Stripping out new customers is essential. Without that step, strong acquisition could mask a serious retention problem. You’d see total customer counts climbing while your existing base quietly erodes.
Benchmarks vary dramatically by industry. Professional services companies average around 84% customer retention, software companies around 77%, and banking around 75%. Ecommerce sits far lower at roughly 30%, largely because online shoppers have little switching cost and may buy from a store only once. These numbers give you a baseline, but the most useful comparison is always your own rate over time.
Cohort Retention Analysis
Cohort retention goes a level deeper by grouping people based on when they started, then tracking each group separately over time. This is especially common in SaaS, mobile apps, and subscription businesses where you want to see how engagement changes as users age.
A cohort is simply a group that shares a starting point. “Users who signed up in January” is a cohort. “Customers who made their first purchase in March” is another. The process has a few clear steps:
- Define the cohort. Pick the shared characteristic and the time window. Usually this is signup date or first purchase date.

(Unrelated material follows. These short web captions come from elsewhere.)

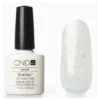 cnd shellac zillionaire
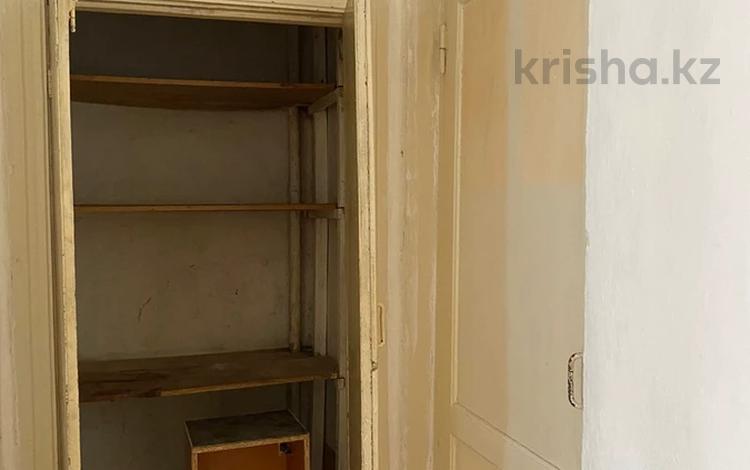 3-комнатная квартира · 53.2 м² · 2/3 этаж, ауельбекова 149 за 11.5 млн ₸ в Кокшетау — фото 2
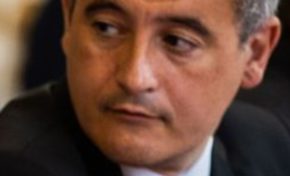 Le Ministère des Outre-mer, un mirage de plaine qui plaît par tromperie !!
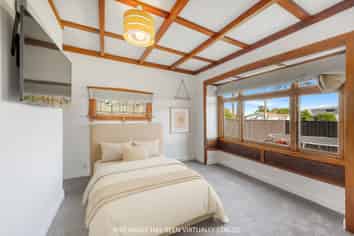 166 Kennedy Road, Marewa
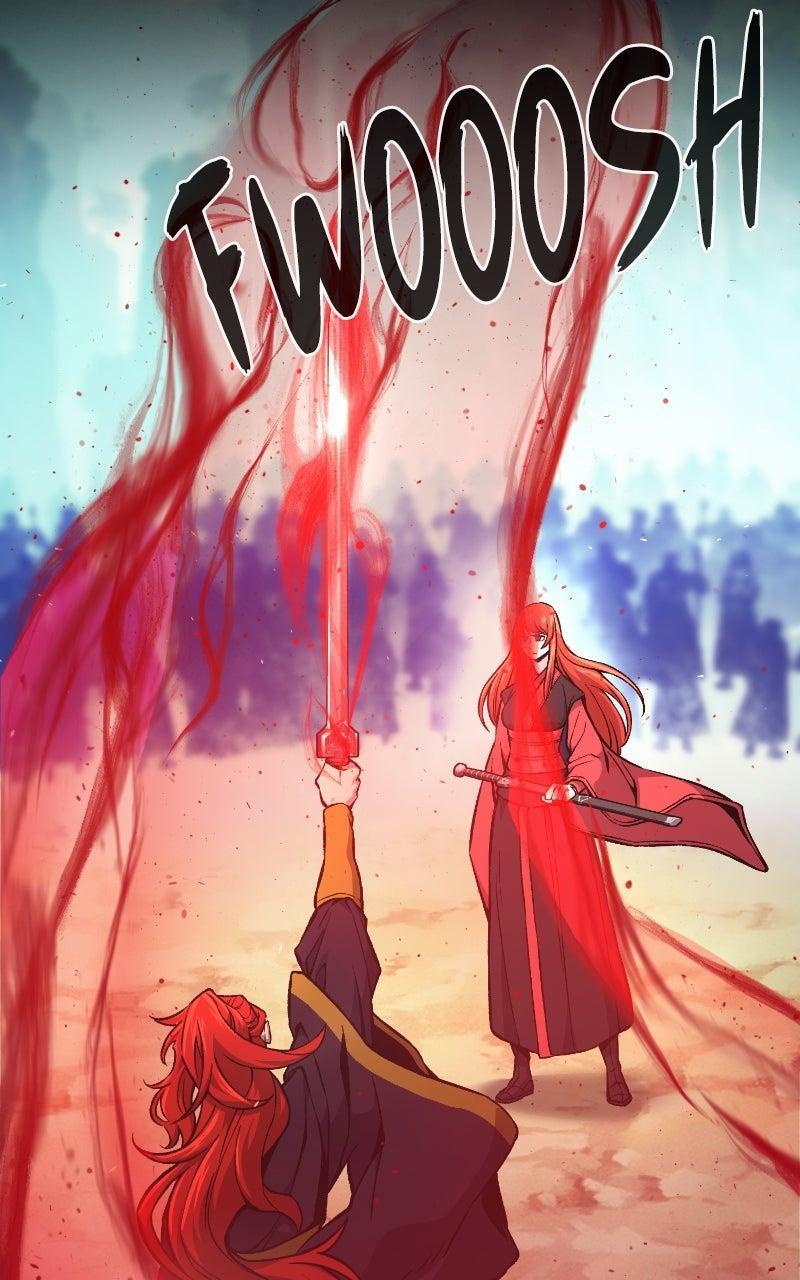 Read Absolute Sword Sense Manga Online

- Choose your time buckets. Decide whether you’re measuring retention weekly, monthly, or at some other interval.
- Count who returns in each bucket. For each time period after the starting point, count how many members of the original cohort are still active.
- Convert to percentages. Divide the number of returning users by the original cohort size and multiply by 100.
Here’s a concrete example. Say 1,000 users sign up in January. In February, 600 of them are still active. That’s 60% retention for Month 1. In March, 400 of the original 1,000 are active. That’s 40% retention for Month 2. You always divide by the original cohort size (1,000), not by the previous month’s number.
The power of cohort analysis is that it lets you compare groups side by side. If your January cohort retained 60% after one month but your April cohort retained 72%, something you changed between January and April is working. Without cohort tracking, those improvements get buried in your aggregate numbers.
Choosing the Right Time Period
The period you measure over changes what the number means. A 95% monthly employee retention rate sounds excellent, but annualized it compounds to roughly 54%, meaning you’d lose nearly half your staff in a year. Short measurement windows make retention look better because there’s less time for people to leave.
Match the time period to how your business actually operates. Subscription businesses with monthly billing often track monthly retention. Companies with annual contracts care most about yearly renewal rates. For employee retention, annual measurement is the most common standard because it smooths out seasonal hiring and departure patterns.
Whatever period you choose, keep it consistent. Comparing a monthly rate to a quarterly rate is meaningless. Pick a cadence and stick with it so your trend line tells a real story.
What Your Retention Rate Actually Tells You
A single retention number is a snapshot. It becomes useful when you track it over time, break it down by segment, or compare it against your own historical performance. A SaaS company with 92% monthly retention is in a very different position than one at 85%, even though the gap looks small. Over 12 months, that 92% compounds to about 38% of users still around, while 85% drops to roughly 14%.
Segment-level retention is often more revealing than the company-wide number. Your overall rate might be steady at 80%, but when you split by customer size, you might find enterprise clients retain at 95% while small accounts churn at 50%. That changes where you focus your effort.
For employee retention, breaking the number down by department, tenure, or role level highlights where problems actually live. A company-wide 90% retention rate can hide the fact that engineering is at 75% while operations is at 98%. The aggregate number gives you a headline. The segmented numbers tell you where to act.